• [INFORMATION PROVIDED]:

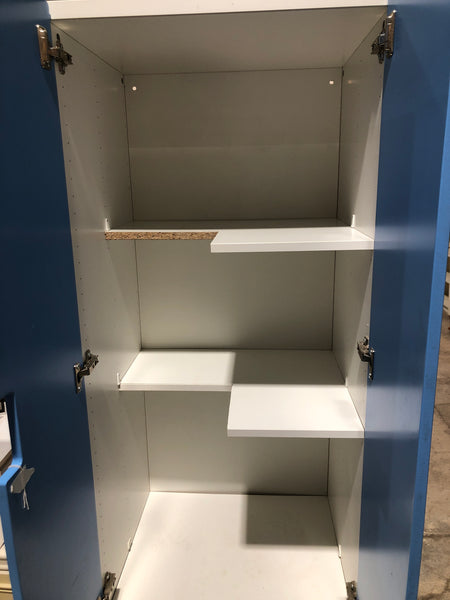 Tall Blue IKEA Storage Cupboard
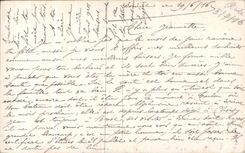 CPA Fantaisie Fleurs Santon Bonne Fete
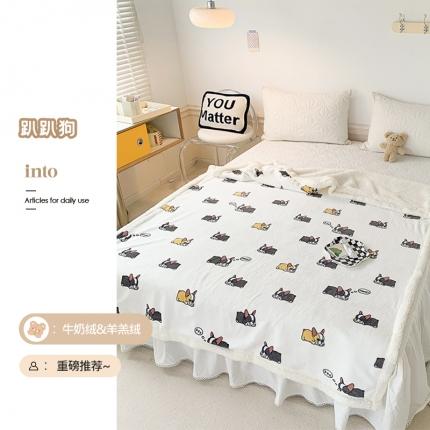 91家纺网 家纺一手货源 找家纺 （总）澳萝拉 2022新款牛奶绒羊羔绒毛毯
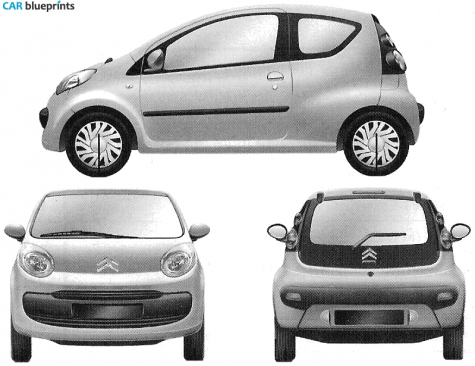 2006 Citroen C1 3-door Hatchback blueprint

• [EXERCISE DETAILS]: Return only the lines from the one that contains "CPA Fantaisie Fleurs Santon Bonne Fete" through the closing line of the data, inclusive, reproduced exactly and with every picture left out.

• [THE ANSWER]:
 CPA Fantaisie Fleurs Santon Bonne Fete
 91家纺网 家纺一手货源 找家纺 （总）澳萝拉 2022新款牛奶绒羊羔绒毛毯
 2006 Citroen C1 3-door Hatchback blueprint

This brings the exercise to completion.